Maux de Lectrices : L’endométriose

26 septembre 2018 10 Commentaires

Aujourd’hui, j’ai choisi de laisser la parole à l’une d’entre vous, Magali. Elle m’a demandé dans le courant de l’été s’il était possible d’évoquer sa maladie, qu’est l’endométriose, sur le blog. Ayant une communauté essentiellement féminine, j’ai accepté, parce que si ce témoignage peut aider ou donner de l’espoir ne serait-ce qu’à une seule d’entre vous, alors je serai la plus heureuse des blogueuses.

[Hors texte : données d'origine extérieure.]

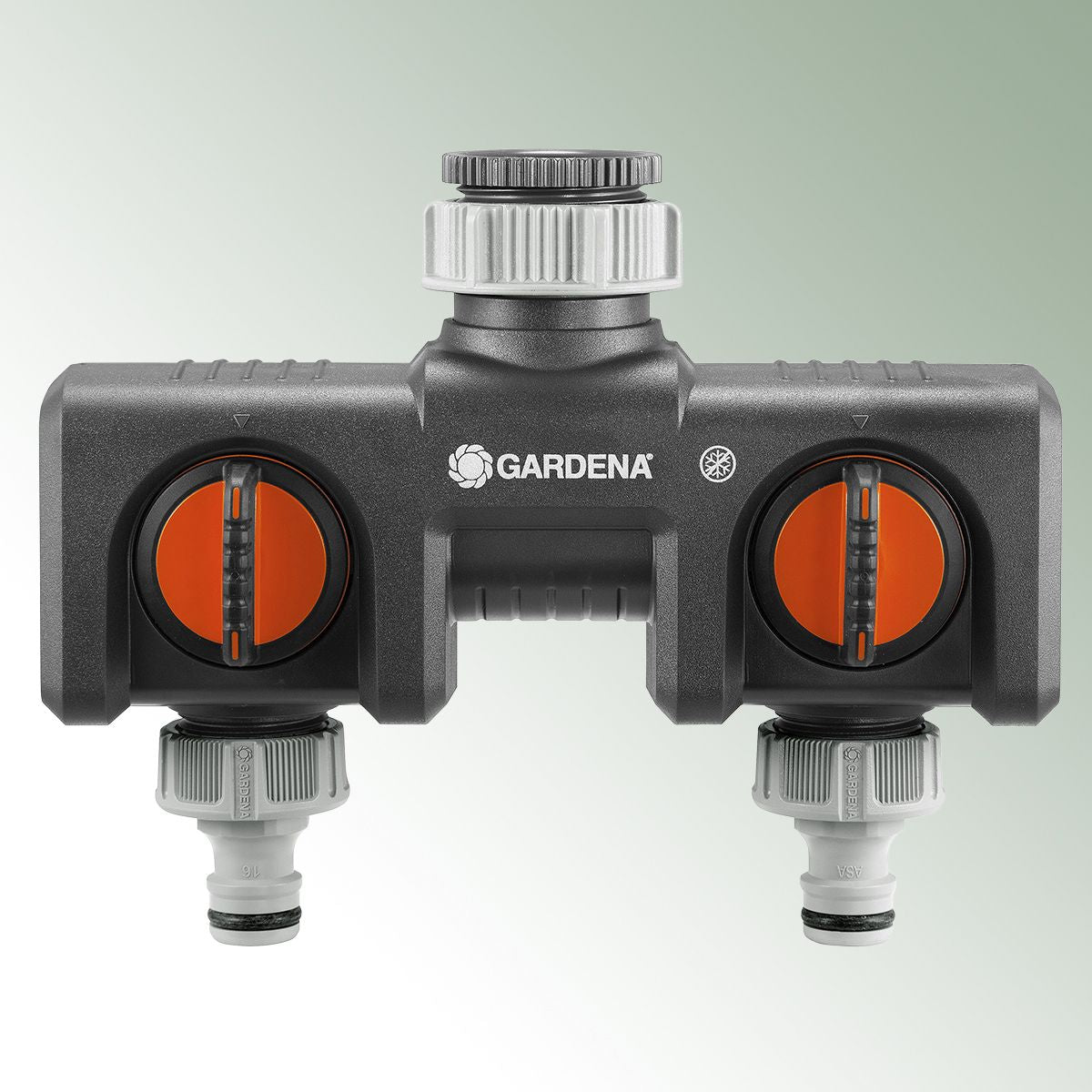 GARDENA Twin-Tap Connector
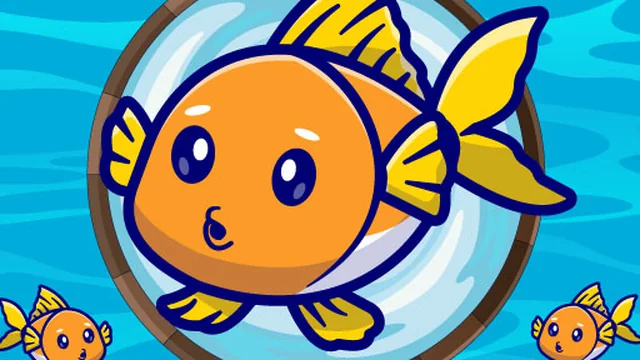 Pong Fish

D’ailleurs, si vous avez envie de vous exprimer sur le blog à propos de sujets qui vous touchent, n’hésitez pas à m’envoyer un petit mail.

Bonjour Magali, on a eu l’occasion d’échanger régulièrement ces derniers mois via messages privés sur Instagram, je te connais donc un petit peu, mais peux-tu te présenter à mes lectrices ?
Bonjour Julie ! Agée de 33 ans, je suis une de tes fidèles lectrices depuis de nombreuses années. Je suis une jeune femme comme bon nombre de tes lectrices je suppose, et c’est donc tout naturellement vers toi que je me suis tournée pour parler de quelque chose qui me tient particulièrement à cœur.

Tu m’as demandé de parler de la maladie dont tu souffres, l’endométriose, et j’ai immédiatement accepté tant les femmes touchées sont nombreuses et cette maladie encore trop méconnue et incomprise. Personnellement je ne la connaissais que de nom, je l’ai découverte en détails en regardant le reportage de Laetitia Milot suite à son accouchement. J’ai été choquée et attristée de son impact sur le corps entier, je me suis rendue compte qu’on en parlait oui, mais mal. Non l’endométriose ne survient pas que le temps des règles, non elle ne touche pas que l’utérus, c’est bien au delà.

Quand et comment as-tu été diagnostiquée ? Quels étaient tes symptômes ?
J’ai été diagnostiquée il y a bientôt 2 ans, suite à une IRM. Depuis 10 ans, je prenais une pilule qui stoppait mon cycle hormonal. Cela avait été mis en place suite à de fortes douleurs « inexpliquées ». Je ne pouvais donc plus parler de règles douloureuses. Par contre j’avais constamment mal quelque part dans mon corps. Difficile à expliquer comme sensation au final. Mais depuis plus d’un an, en plus de tout cela j’avais de très fortes douleurs à la vessie, et celle-ci dysfonctionnait. J’ai consulté bon nombre de spécialistes, passé des examens aussi bien physiquement que psychologiquement violents et intrusifs, tout cela pour m’entendre dire que je n’avais rien et que c’était « dans ma tête ». Mais cette fois j’ai refusé de lâcher, je me suis battue pour que l’on trouve ce qui n’allait pas. Et heureusement, j’ai eu une médecin traitant qui m’a écoutée, crue, et a compris qu’il fallait creuser. Elle a donc demandé cette fameuse IRM. Le diagnostique est tombé, sans aucun doute possible.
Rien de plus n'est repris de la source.